(Entries taken from a collection)
>>>>>
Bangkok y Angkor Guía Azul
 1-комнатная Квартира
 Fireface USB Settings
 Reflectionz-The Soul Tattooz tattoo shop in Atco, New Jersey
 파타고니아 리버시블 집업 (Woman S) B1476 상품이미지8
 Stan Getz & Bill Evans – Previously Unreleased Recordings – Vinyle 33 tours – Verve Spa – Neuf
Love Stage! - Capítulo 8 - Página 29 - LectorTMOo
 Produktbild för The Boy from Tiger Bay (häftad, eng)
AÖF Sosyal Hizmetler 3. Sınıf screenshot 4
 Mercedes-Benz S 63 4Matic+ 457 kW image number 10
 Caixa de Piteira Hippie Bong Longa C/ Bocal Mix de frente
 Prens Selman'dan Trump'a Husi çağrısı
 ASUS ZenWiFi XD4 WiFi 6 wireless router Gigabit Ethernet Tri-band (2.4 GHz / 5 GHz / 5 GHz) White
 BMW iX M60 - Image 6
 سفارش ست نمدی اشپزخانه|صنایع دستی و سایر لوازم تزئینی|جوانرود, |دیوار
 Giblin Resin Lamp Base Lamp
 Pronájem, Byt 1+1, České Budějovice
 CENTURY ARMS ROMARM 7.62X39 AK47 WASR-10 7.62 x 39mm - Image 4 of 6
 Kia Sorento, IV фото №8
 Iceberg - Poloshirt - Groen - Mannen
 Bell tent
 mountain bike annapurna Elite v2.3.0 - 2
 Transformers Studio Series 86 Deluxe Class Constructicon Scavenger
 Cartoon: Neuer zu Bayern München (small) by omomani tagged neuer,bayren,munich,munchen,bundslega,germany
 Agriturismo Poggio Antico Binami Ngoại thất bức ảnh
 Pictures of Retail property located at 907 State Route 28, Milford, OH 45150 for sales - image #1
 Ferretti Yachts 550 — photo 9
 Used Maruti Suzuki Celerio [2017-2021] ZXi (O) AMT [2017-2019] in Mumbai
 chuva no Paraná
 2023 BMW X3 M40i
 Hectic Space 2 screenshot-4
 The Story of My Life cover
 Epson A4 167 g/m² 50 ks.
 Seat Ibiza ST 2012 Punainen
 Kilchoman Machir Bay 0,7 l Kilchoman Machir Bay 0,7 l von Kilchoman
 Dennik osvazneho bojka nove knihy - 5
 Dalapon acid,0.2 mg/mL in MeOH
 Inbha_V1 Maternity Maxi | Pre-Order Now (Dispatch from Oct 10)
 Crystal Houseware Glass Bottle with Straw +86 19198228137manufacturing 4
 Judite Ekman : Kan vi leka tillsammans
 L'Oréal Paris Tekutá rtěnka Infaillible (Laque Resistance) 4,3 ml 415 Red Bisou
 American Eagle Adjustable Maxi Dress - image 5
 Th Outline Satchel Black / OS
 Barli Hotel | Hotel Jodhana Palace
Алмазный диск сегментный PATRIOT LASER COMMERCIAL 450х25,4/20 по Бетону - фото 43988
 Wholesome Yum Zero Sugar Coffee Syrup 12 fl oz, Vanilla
<<<<<
[INSTRUCTIONS FOR THE TASK]
Look above for the line holding "Iceberg - Poloshirt - Groen - Mannen" and the line holding "2023 BMW X3 M40i", then output exactly those two lines and every line between them, nothing more.

[SOLUTION TO THIS PROBLEM]
 Iceberg - Poloshirt - Groen - Mannen
 Bell tent
 mountain bike annapurna Elite v2.3.0 - 2
 Transformers Studio Series 86 Deluxe Class Constructicon Scavenger
 Cartoon: Neuer zu Bayern München (small) by omomani tagged neuer,bayren,munich,munchen,bundslega,germany
 Agriturismo Poggio Antico Binami Ngoại thất bức ảnh
 Pictures of Retail property located at 907 State Route 28, Milford, OH 45150 for sales - image #1
 Ferretti Yachts 550 — photo 9
 Used Maruti Suzuki Celerio [2017-2021] ZXi (O) AMT [2017-2019] in Mumbai
 chuva no Paraná
 2023 BMW X3 M40i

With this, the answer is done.